Dataset items

----------------------------------------

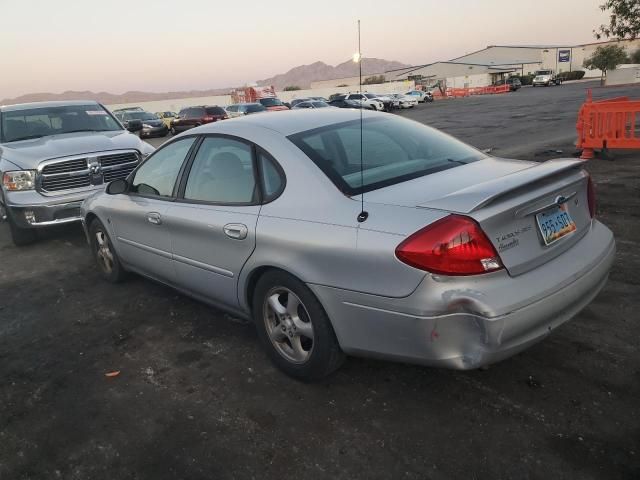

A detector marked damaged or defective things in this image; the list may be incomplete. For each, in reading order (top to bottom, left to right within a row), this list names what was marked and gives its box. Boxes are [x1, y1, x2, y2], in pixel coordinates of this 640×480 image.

dented bumper [310, 219, 616, 370]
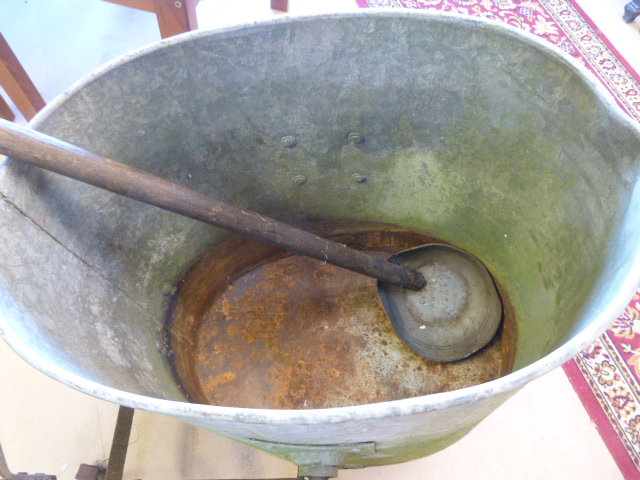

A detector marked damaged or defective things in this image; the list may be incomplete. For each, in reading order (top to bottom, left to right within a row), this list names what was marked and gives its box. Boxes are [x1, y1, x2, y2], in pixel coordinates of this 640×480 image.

rusty metal ladle [0, 120, 500, 360]
rust staining [166, 221, 520, 408]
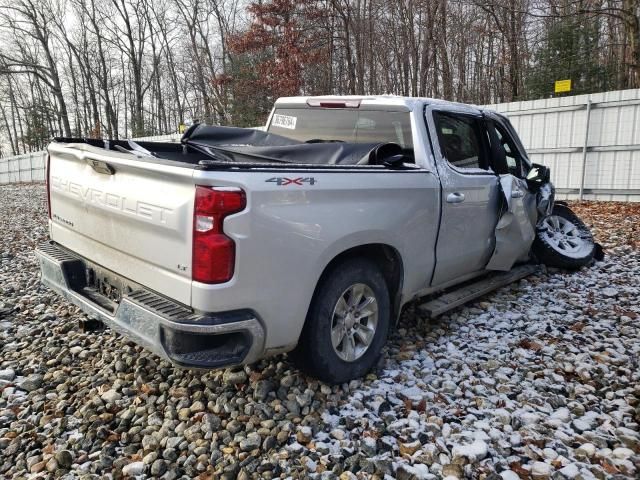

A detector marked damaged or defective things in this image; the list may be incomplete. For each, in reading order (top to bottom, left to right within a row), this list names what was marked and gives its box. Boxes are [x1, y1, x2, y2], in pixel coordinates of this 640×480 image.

damaged rear door [482, 113, 536, 270]
crumpled side panel [488, 174, 536, 272]
damaged front wheel [528, 203, 596, 268]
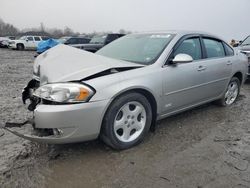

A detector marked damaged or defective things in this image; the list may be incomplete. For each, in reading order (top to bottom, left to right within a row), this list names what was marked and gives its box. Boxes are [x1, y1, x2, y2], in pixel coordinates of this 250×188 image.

crumpled hood [34, 44, 142, 85]
damaged front bumper [1, 79, 109, 144]
exposed headlight housing [33, 82, 94, 103]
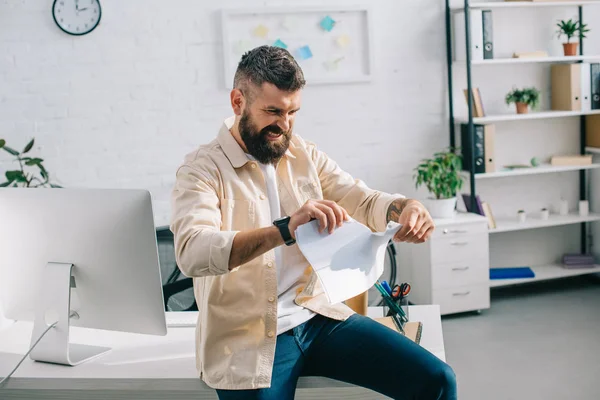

----------------------------------------

Omit all pictures, and repeat exactly the lines from the line containing "this 250×188 image." through the end of the data.

Solution:
A detector marked damaged or defective things in this image; the list may be incomplete. For each, in reading order (top to bottom, left to right within a row), this list names what was marked and gives its box. Boxes are [x1, y1, x2, y2], in pixel coordinates of this 250×188 image.

crumpled hood [34, 44, 142, 85]
damaged front bumper [1, 79, 109, 144]
exposed headlight housing [33, 82, 94, 103]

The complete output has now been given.